/AllTheBacteria

Follow up to Grace Blackwell's 661k dataset, for 2023

Primary LanguagePythonMIT LicenseMIT

AllTheBacteria

All WGS isolate bacterial INSDC data to June 2023uniformly assembled, QC-ed, annotated, searchable.

Follow up to Grace Blackwell's 661k dataset (which covered everything to Nov 2018).

Preprint: https://doi.org/10.1101/2024.03.08.584059

Latest Release 0.2

The data are here: https://ftp.ebi.ac.uk/pub/databases/AllTheBacteria/Releases/0.2/

Changes from release 0.1 are documented in detail in the release 0.2 readme: https://ftp.ebi.ac.uk/pub/databases/AllTheBacteria/Releases/0.2/README.md

Summary of changes:

  • Approximately 12k contigs were removed, due to matching the human genome
  • Reran assembly stats and checkm2 on the changed assemblies
  • The "high quality" dataset changed slightly because of the assemblies changing
  • Species call for each sample tidied up
  • Added phylign indexes for searching/aligning query sequences (see https://github.com/AllTheBacteria/Phylign/blob/main/README.md)
  • Updated sketchlib indexes
  • Added file of md5sum of all files in the release

Release 0.1

Full details here: https://www.biorxiv.org/content/10.1101/2024.03.08.584059v1 The data were here: https://ftp.ebi.ac.uk/pub/databases/AllTheBacteria/Releases/0.1/ but have been deleted due to human contamination. Please use release 0.2 instead.

First release contains

  1. About 2 million Shovill assemblies, identified by ENA sample id
  2. summary of assembly statistics
  3. File(s) summarising taxonomic and contamination statistics based on sylph taxnonomic abundance estimation (GTDB r214), and CheckM2
  4. A filelist specifying "high quality" assemblies
  5. A README decribing all this. The assembly workflow is in github , but we don't have a distributable container for it yet.

Further releases

Future releases will include

  1. More search indexes to come.
  2. Annotation (bakta at least)
  3. Pan-genomes and harmonised gene names within species (for the top N species) for representative genomes chosen using poppunk clusters and QC metrics.
  4. MLST, various species specific typing, AMR

Distribution

Data will be distributed at least by

  1. EBI ftp which is simutaneously accessible by Globus and Aspera.
  2. Zenodo would be good to add

Rules of Engagement with the data

Once Release 0.1 is out, anyone/everyone is welcome to use the data and publish with it.
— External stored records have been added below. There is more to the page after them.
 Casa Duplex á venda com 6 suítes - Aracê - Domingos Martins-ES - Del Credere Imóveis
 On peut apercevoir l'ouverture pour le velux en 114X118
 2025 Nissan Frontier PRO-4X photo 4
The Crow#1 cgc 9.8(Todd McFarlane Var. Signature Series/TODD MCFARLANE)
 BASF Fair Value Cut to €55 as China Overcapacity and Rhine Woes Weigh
There is no expectation that the people who made the release/data should be co-authors on these publications, but we would appreciate citation of the preprint (https://www.biorxiv.org/content/10.1101/2024.03.08.584059v1).
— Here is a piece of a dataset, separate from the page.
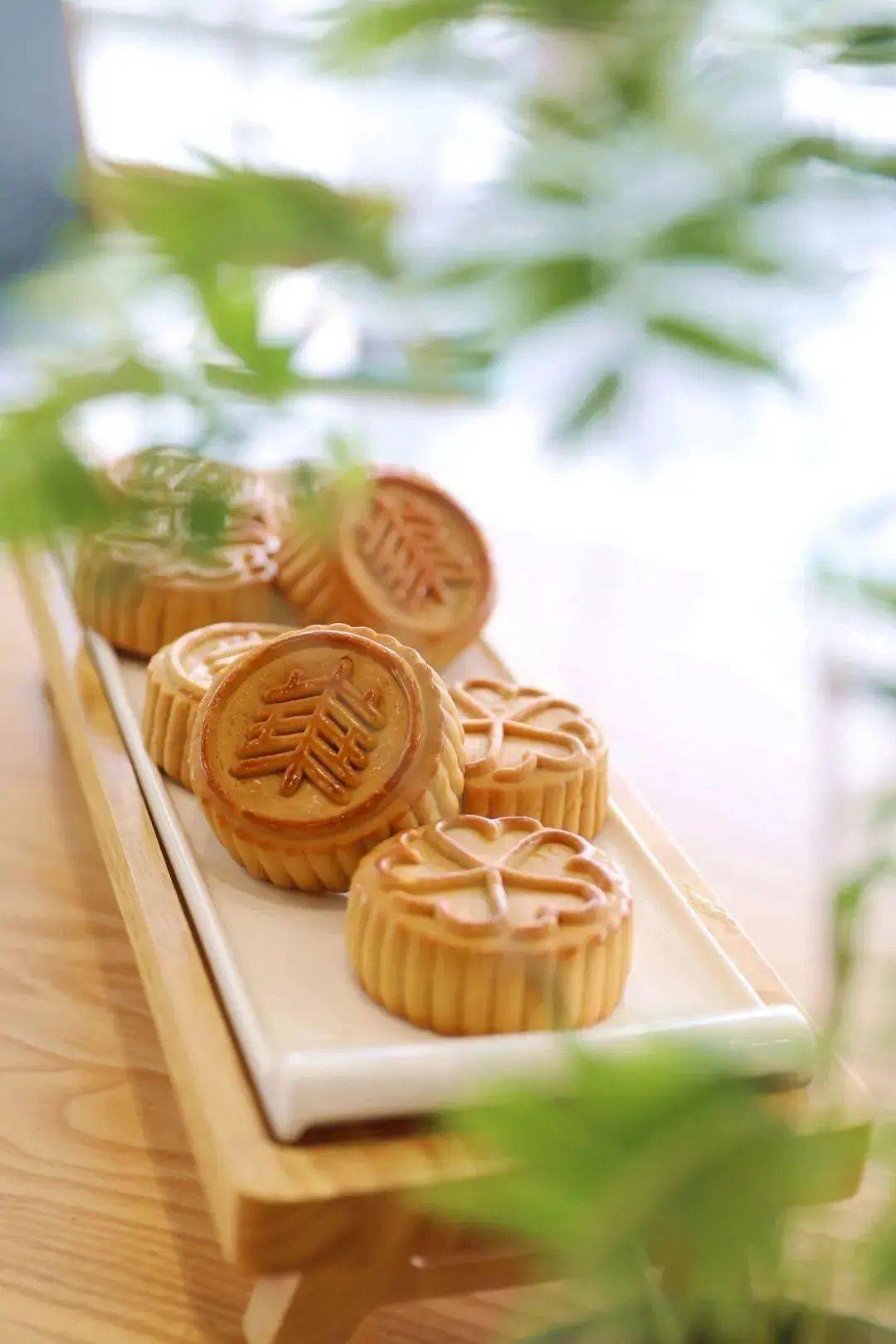 2022年度高校月饼大赏:哈工大朴实中透露出精致.八校联名款亮了!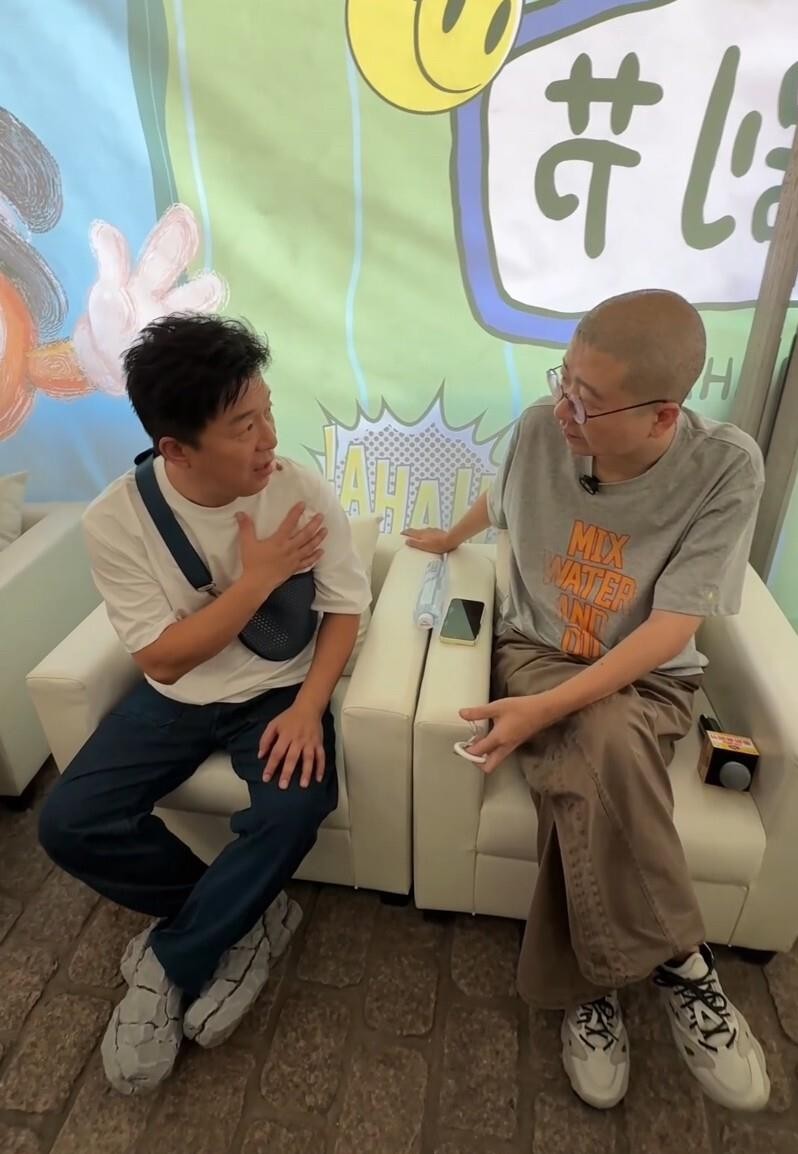 黄渤在李诞播客里聊90年代夜场，揭开暴富年代最真实的切面。他高中跑场一场六十块，一月挣一千八，妈妈工资才三百。八年里天南地北的包房，拉菲成箱开，一桌消费上万，普通人看一眼都眩目。可他没眼红，只站在台上把各色人等看个透。钱来得猛的时候，人往往还没准备好，只能靠排场找存在感。黄渤的高明，是不嘲讽也不羡慕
Rules of Involvement with the project

All welcome, contact us via Github, Slack or the monthly zoom calls. Anyone who contributes to the project, through analysis, project management or any other means, ought to be an author of the paper.

Next zoom calls

22nd March 2024, 9am and 4pm GMT

FAQ

  1. What happens if two people want to run their competing methods (bad example, prokka versus bakta or one AMR tool versus another). First, anyone can do anything they like, but to get into the releases, we should discuss on a zoom call and make a decision. We shall tend towards allowing multiple analyses (eg we intend to run bakta on everything but if someone wants to run prokka too, we should we ok to add that to the release too). However, if it starts to get silly with people wanting 4 tools each run with 3 parameters, then I think we get a lot stricter - this compute isn't free (in terms of carbon, or money), so we'll make a decision and do something limited.